*** Begin section ***

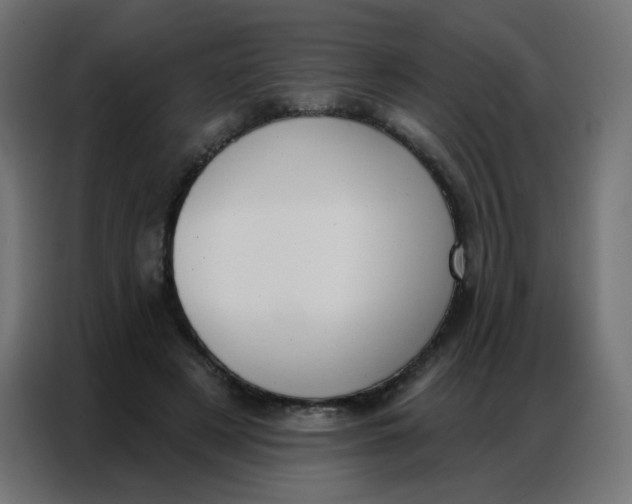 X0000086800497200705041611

*** End section ***
*** Begin section ***

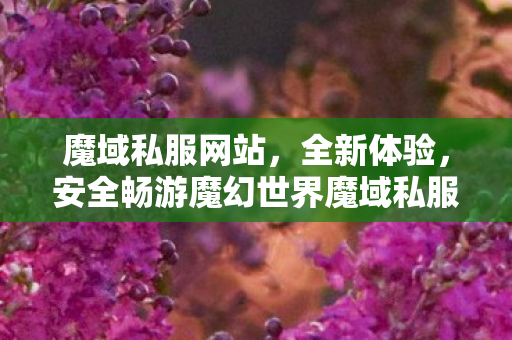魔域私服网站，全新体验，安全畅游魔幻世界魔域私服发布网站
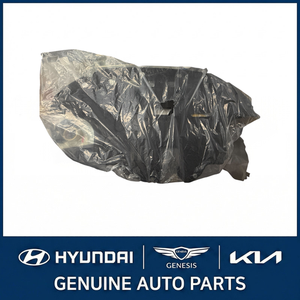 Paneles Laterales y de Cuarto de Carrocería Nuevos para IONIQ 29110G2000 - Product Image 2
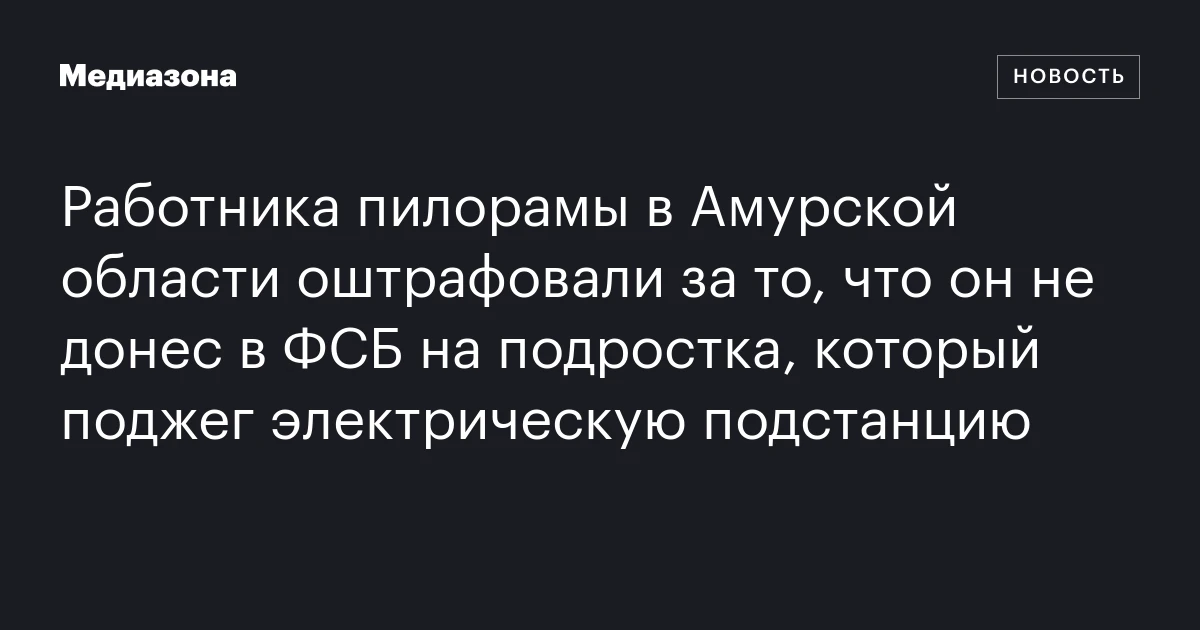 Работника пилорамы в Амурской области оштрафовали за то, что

*** End section ***

In the data above, retype only the stretch from the line with "魔域私服网站，全新体验，安全畅游魔幻世界魔域私服发布网站" through the line with "Работника пилорамы в", word for word, and skip any pictures.

魔域私服网站，全新体验，安全畅游魔幻世界魔域私服发布网站
 Paneles Laterales y de Cuarto de Carrocería Nuevos para IONIQ 29110G2000 - Product Image 2
 Работника пилорамы в Амурской области оштрафовали за то, что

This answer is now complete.